Looks nice, and also looks like a Pioneer PM with wireless charging instead of needing batteries replaced. I like new PM options, helps keep pricing competitive.


----------



## aclinjury (Sep 12, 2011)

power meters are becoming commodity fast. I think a lot of folks into power are waiting for the Shimano one, at least I am curious about the Shimano one more than anything else out there


----------



## OldZaskar (Jul 1, 2009)

@aclinjury - yeah, I would not want to own stock in SRM. It used to be, if you wanted a very accurate PM, that was the only option. But at $3,000, it was (is) far from mainstream. 

I love (!) that so many companies are getting into the power meter market - only gonna make'em better and cheaper. 

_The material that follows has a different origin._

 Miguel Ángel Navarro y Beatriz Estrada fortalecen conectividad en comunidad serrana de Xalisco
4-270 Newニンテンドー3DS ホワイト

My first thought with the Giant power meter was "Wow... they took a pretty big bite out of that crank arm to make room for the battery... I wonder if that arm is as stiff as a stock arm?"


----------



## aclinjury (Sep 12, 2011)

the Pioneer left pod is pretty big too, maybe that's why the battery door is rock solid. I wonder who's Giant's partner in this? Could it be Pioneer?


----------



## eriku16 (Jul 27, 2011)

Pioneer


----------



## Srode (Aug 19, 2012)

OldZaskar said:


> My first thought with the Giant power meter was "Wow... they took a pretty big bite out of that crank arm to make room for the battery... I wonder if that arm is as stiff as a stock arm?"

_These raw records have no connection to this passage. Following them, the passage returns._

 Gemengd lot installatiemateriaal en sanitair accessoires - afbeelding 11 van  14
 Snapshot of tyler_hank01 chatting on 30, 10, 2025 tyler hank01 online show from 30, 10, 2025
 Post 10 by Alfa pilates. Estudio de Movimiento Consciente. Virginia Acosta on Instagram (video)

If it's like the Pioneer set up there's nothing taken out of the arm, its just glued to the arm like stages does also, so no impact on strength. It can have some clearance issues with some frames though - my pioneer won't fit on my Crockett due to the pod / frame clearance on the NDS.

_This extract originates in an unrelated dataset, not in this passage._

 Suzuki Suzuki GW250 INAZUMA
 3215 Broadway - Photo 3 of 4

Interestingly, looking at the online manual it doesn't talk about orientation with the magnets on the frame which are part of the Pioneer system. Will be interesting to hear if the Pioneer computer works with it to pick up the data they are sending to phones instead of the bike computer.


----------



## PoorInRichfield (Nov 30, 2013)

"Hey Trek and Specialized, see this?!??!" 

I'm hoping that once all the "big boys" start getting into the power meter game, volume and competition will finally make the meters affordable to the masses.


----------